Mariana vê como um problema o rápido crescimentode cursos a distância para formar professores. Hoje, 1,6 milhão de pessoas cursam licenciaturas no Brasil, 60% delas a distância. Pesquisas mostram que essa modalidade tem maior evasão e que 70% dos alunos não realizam nem a quantidade mínima de horas de estágio obrigatório. “A docência é uma atividade relacional. Ele vai dar aula presencial e não remota depois. O aluno precisa de ajuda para permanecer na universidade e precisa ir para a escola desde os primeiros anos.”

Para Elacqua, o Brasil deve investir fortemente na valorização da profissão, com campanhas nacionais, como fizeram Cingapura e Coreia, além de selecionar com mais rigor quem pode ser professor e ter bolsas para garantir a permanência desses estudantes nos cursos. Dados mostram que de dez alunos que ingressam em cursos de formação docente, quatro evadem nos dois primeiros anos e mais dois no restante. Isso ocorre pela qualidade do curso, mas também pela dificuldade em terminar o ensino superior, já que a maioria está em universidades privadas.

Douglas Teixeira, de 31 anos, cursa Pedagogia a distância e diz que o fato de não precisar ir à faculdade foi o que permitiu que ele pudesse fazer estágio durante o curso e conhecer a realidade da sala de aula nas escolas. Ele precisa trabalhar durante a graduação para pagar a faculdade.

“Durante o estágio, me sobrava tempo só no fim de semana e aí eu me enterrava nas aulas, fazia todas que não tinha conseguido nos dias de semana”, conta ele, que estuda na Estácio de Sá, no Rio. Teixeira é filho de uma empregada doméstica e o primeiro da família a cursar ensino superior, como 83% dos alunos de Pedagogia e Licenciatura a distância na instituição.

A Estácio tem 70 mil estudantes nessa modalidade, que pagam mensalidades de R$ 160. “A escolha não é entre presencial ou EAD (educação a distância). Hoje, para muitos no Brasil, a escolha é entre EAD ou simplesmente não poder estudar”, diz o diretor de ensino da grupo Yduqs e reitor da Universidade Estácio de Sá, Flávio Murilo Gouvea. Segundo ele, alunos de cursos a distância têm desempenho semelhante aos do presencial em avaliações nacionais e são acompanhados por meio de exercícios, provas, pelo monitoramento do uso da plataforma digital, além das interações com os professores.

Especialistas dizem que é preciso investir em bolsas para quem estuda para ser professor Foto: Tiago Queiroz/Estadão


Bolsa permanência

Uma das propostas do Movimento Profissão Docente, que reúne entidades do terceiro setor, com apoio da Fundação Getulio Vargas (FGV), é uma bolsa que juntaria o valor de dois auxílios que já existem hoje no Ministério da Educação (MEC), com novas exigências.
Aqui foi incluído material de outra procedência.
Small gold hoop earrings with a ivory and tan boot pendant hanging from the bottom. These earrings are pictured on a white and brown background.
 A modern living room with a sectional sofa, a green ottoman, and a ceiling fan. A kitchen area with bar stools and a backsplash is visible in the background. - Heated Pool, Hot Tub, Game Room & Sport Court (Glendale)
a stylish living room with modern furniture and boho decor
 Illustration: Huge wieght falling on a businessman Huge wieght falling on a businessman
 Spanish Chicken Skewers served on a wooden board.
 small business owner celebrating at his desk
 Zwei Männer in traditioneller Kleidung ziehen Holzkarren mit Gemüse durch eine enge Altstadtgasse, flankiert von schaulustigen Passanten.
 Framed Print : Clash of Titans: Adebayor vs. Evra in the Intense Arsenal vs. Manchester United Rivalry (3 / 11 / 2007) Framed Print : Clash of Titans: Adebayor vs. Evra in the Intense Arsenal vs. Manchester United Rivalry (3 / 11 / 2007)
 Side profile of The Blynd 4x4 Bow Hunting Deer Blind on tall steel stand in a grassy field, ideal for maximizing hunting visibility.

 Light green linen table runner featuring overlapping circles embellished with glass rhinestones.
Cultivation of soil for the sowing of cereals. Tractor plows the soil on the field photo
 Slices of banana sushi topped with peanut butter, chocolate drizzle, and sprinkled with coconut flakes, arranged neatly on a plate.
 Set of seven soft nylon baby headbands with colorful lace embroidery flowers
A nova bolsa pagaria R$ 1,3 mil para que o estudante de 1º ao 4 º ano se dedicasse a atividades práticas durante o curso de formação de professores a partir de parcerias das universidades com as redes de ensino. As bolsas até o início de 2022 eram de R$ 400 e foram reajustadas para R$ 700 pelo governo Lula.

“É preciso induzir a universidade a apresentar um projeto de mudança no currículo, ampliando o número de horas da prática pedagógica, sem abrir mão de fundamentos”, diz o diretor do Centro de Desenvolvimento da Gestão Pública e Políticas Educacionais da FGV, José Henrique Paim. Na semana passada, a secretária executiva do MEC, Izolda Cela, acompanhou o evento de apresentação do estudo do BID e dessa proposta.

O MEC informou, em nota, que a formação docente é tema prioritário para o governo e que um dos focos é aproximr estudantes que querem ser professores das salas de aula. A ideia é o “fortalecimento dos programas de licenciatura, revisando as diretrizes, em parceria com as instituições de ensino superior”. O Estadão apurou que o programa deve ser anunciado ainda este mês, após divulgação das avaliações do Enade feitas com cursos de Licenciatura.

Dados do Instituto Nacional de Estudos e Pesquisas Educacionais (Inep), do MEC, mostram ainda um problema adicional: muitos professores dão aulas em áreas para as quais não são formados. No ensino médio, 37% e 24% dos docentes que lecionam Física e Química, respectivamente, têm LIcenciatura em outra área.

Uma das metas do Plano Nacional de Educação (PNE), que é lei no País, é a de que todos os professores e as professoras da educação básica tenham formação específica de nível superior, obtida em curso de Licenciatura na área de conhecimento em que atuam.